Exercise data:
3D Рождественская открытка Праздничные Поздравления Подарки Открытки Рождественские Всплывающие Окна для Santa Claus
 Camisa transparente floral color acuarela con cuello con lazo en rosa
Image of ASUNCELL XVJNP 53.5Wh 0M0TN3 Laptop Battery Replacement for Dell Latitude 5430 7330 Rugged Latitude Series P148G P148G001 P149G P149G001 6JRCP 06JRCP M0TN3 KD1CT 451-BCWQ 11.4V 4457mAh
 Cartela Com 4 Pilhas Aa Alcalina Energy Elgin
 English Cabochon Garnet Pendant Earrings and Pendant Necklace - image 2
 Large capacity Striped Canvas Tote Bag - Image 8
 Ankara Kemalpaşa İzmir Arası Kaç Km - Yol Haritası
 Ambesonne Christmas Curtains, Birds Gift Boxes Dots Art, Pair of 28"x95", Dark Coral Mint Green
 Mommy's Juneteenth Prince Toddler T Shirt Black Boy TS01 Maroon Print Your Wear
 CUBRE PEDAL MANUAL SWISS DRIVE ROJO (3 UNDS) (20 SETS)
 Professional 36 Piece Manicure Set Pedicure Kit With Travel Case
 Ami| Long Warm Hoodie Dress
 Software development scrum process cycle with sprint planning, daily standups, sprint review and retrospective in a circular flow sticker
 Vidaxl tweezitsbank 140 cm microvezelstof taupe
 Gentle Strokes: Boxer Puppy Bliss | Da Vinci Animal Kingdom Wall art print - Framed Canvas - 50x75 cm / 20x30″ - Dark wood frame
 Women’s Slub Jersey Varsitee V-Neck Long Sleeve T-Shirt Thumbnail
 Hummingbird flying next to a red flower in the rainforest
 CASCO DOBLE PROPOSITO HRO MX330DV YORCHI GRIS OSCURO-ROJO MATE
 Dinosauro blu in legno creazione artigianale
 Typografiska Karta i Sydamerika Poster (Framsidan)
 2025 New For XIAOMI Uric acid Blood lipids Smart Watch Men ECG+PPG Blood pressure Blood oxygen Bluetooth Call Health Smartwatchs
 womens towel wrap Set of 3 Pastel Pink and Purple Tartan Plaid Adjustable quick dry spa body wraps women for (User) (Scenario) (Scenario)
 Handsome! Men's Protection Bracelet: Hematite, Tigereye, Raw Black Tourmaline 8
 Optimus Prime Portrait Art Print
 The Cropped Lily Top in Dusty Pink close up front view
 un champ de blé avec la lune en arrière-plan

Exercise aim:
Find every line in the records above that holds the word "Shirt", and copy each one.

Written solution:
 Mommy's Juneteenth Prince Toddler T Shirt Black Boy TS01 Maroon Print Your Wear
 Women’s Slub Jersey Varsitee V-Neck Long Sleeve T-Shirt Thumbnail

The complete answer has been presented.